Gedenkstätte im Wald

Zwei Steirer bewahren ein geheimnisvolles Marterl

Steiermark
15.07.2023 06:00

Es erinnert an ein dunkles und grausames Verbrechen im Zweiten Weltkrieg: Dank der Initiative von zwei Südweststeirern gerät eine Gedenkstätte im Wald nicht in Vergessenheit.

Als Johann Lampl in den 1950er-Jahren in die Volksschule St. Ulrich im Greith ging, legte er gemeinsam mit sechs weiteren Kindern vom Ferstlberg die zwei Kilometer lange Strecke zu Fuß zurück. Von einem Schulbus war damals noch keine Spur. Die gemeinsamen Erlebnisse sind dafür bis heute in guter Erinnerung geblieben.

Mit Pferd Weg freigeräumt
Im Winter hat es damals noch ausgiebig geschneit. „Lag viel Schnee, so hat uns der Vater mit dem Pferd und einem Spitzpflug den Weg freigeräumt.“ In der Adventzeit hieß es früh aufstehen, denn Johann Lampl war mit drei weiteren Buben für das „Z’sammläuten“ eine Viertelstunde vor der Rorate, die um sechs Uhr begann, zuständig. Während die vier am Glockenstrick zappelten, war auch der Organist bereits in der Kirche. Er hatte den gleichen Weg. „Manchmal hefteten wir uns an seine Fersen, aber wir konnten mit ihm nicht mithalten, weil er so große Schritte machte.“

„Umageher“ erfroren - keiner vermisste ihn
Auf dem Weg durch den Wald kamen die Kinder an einem Marterl vorbei. „Oft hat mir die Mutter ein Sträußerl Blumen zum Einfrischen mitgegeben“, erinnert sich Lampl.

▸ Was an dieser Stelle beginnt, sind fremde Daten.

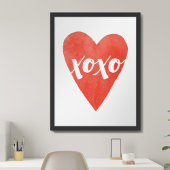 Rode Waterverf Hart XOXO Valentijnsdag Art Poster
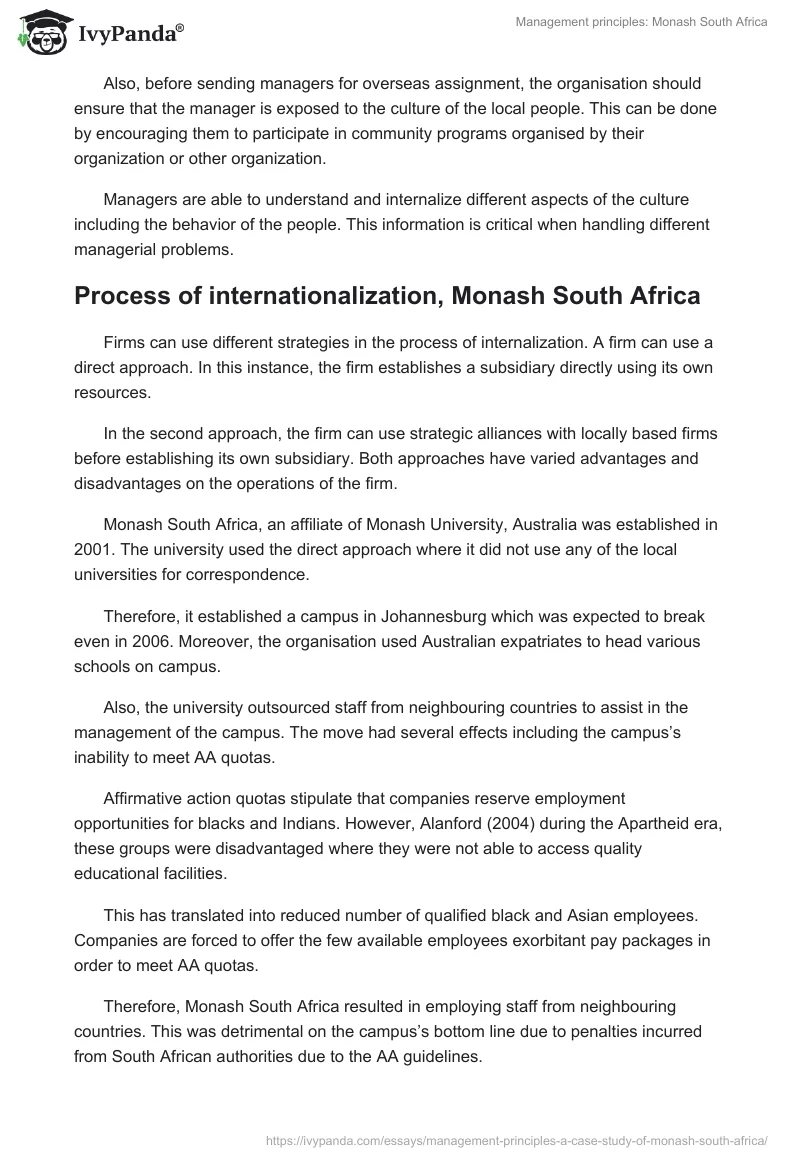 Management principles: Monash South Africa. Page 3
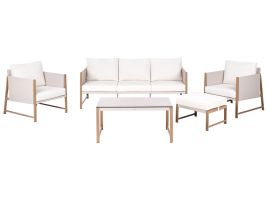 WREXLEIGH Garden Lounge Set with Table and Ottoman 5 Seater - Beige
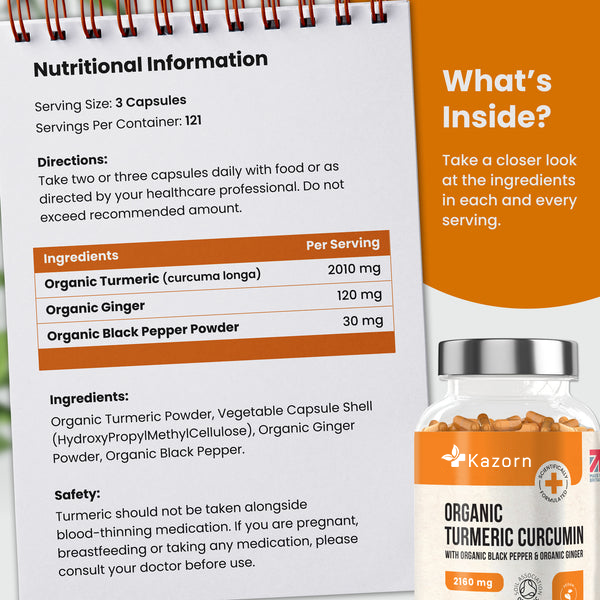 KAZORN® Organic Turmeric Curcumin 2160mg with Organic Black Pepper & Organic Ginger Capsules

Erst viel später hat er erfahren, was es mit dem Marterl auf sich hat. „Die Dirn Pepi hat es mir erzählt.“ Beim Zuhören lief ihm ein Schauer über den Rücken. Laut der Erzählung soll an dieser Stelle während des 2. Weltkriegs ein „Umageher“ mit einer Schleuderkette an einem Baum festgemacht worden sein.

Johann Lampl (li.) und Fritz Schmidt haben das Marterl bewahrt. (Bild: Fürbass Josef)
Johann Lampl (li.) und Fritz Schmidt haben das Marterl bewahrt.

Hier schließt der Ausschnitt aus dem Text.